Companies chase the money. Nvidia was never for gamers, it was for investors and gaming just happened to be where the money was. Now it's not and people are realizing the truth of it all. To corporations we are nothing other than disposable profit margins. If the corporations can find a better profit elsewhere they will gladly do so. It's been that way for a while.

[–] MonkderVierte@lemmy.zip 2 points 3 hours ago

It's not a field where you can startup with a few millions investment, that's the problem.

[–] NauticalNoodle@lemmy.ml 3 points 21 hours ago (2 children)

"For the first time, the price increase was larger than the performance uplift.

Nvidia tried to sweep this issue under the rug with promised technologies such as ray tracing and upscaling. We all know how well that played out for the GeForce 20 series."

Is there somebody here that know's what they're talking about because I very much do not know "how well that played out?"

[–] Nerdulous@lemmy.zip 11 points 20 hours ago* (last edited 20 hours ago) (1 children)

Nvidia focused more on the ability to perform real time ray tracing (RTX) than on the raw performance of the cards. At the time the RTX performance of the cards was hardly passable and the amount of games that even supported the technically was VERY limited but the fact that they could perform ray tracing in real time at all was a bit of a marvel.

Nvidia leaned hard into this and tried very hard to get everyone on board with this paradigm shift. As reviewers tested these cards and found out that this technology is still very immature, most of them decided to highlight the performance per dollar instead of the new technology. This meant that informed gamers didn't really consider RTX part of the equation when buying the 2000 series cards.

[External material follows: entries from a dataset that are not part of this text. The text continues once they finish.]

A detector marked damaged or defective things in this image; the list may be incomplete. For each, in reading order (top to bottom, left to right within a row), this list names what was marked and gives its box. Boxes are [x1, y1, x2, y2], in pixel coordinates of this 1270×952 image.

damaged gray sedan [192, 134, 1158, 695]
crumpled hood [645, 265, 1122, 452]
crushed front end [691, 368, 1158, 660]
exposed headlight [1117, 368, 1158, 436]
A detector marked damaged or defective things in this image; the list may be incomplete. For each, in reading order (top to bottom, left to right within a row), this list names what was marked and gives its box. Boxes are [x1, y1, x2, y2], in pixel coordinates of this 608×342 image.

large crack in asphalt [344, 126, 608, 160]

When you looked at it from a pure rasterization perspective the massive increase in price for the marginal increase in gains made these cards really unappealing. Especially to those who already had 1000 and even 900 series cards. As a result this was a generation a lot of gamers skipped or instead choose to go with 1600 series cards later on. These were basically 2000 series cards without the ray tracing and a cheaper price point making them more appealing.

[–] CalcProgrammer1@lemmy.today 2 points 20 hours ago (1 children)

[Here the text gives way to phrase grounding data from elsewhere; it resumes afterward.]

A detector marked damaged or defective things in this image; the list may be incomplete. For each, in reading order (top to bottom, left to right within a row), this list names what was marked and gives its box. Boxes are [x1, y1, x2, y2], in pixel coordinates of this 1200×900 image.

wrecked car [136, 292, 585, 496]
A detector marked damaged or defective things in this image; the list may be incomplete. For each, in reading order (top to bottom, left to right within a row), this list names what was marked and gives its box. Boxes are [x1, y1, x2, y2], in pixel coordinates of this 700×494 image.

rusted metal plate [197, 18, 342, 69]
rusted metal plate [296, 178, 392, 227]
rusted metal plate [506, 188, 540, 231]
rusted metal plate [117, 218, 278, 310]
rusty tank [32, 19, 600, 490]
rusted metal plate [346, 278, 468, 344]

Why should anyone take ray tracing into account when ray tracing, especially for the first two or three generations of RTX cards, was a pointless gimmick that could not run well enough to be realistically desirable and was supported by practically zero games?

[–] Nerdulous@lemmy.zip 2 points 19 hours ago

And that is exactly what reviewers and consumers alike both realized during it's release

[–] HaiZhung@feddit.org 1 points 20 hours ago

No, because this article appears to have been AI written.

[–] Hamartiogonic@sopuli.xyz 8 points 1 day ago (1 children)

How can you know why that is? Looks like technological limitations and diminishing gains to me.

[–] tabular@lemmy.world 14 points 1 day ago

Perhaps, but lack of competition ain't helping. It's not like anyone can just start making them.

Intel, the ~~small, new~~ company to the GPU space is now 4% owned by Nvidia..

[–] altphoto@lemmy.today 1 points 1 day ago

Looks like there's a limit on how much disposable income people are willing to pay for technology... 🤔 Well what if we didn't have games anymore! Instead maybe we should put AI on everything and try to get their money? Nah... equal amount of disposable income regardless.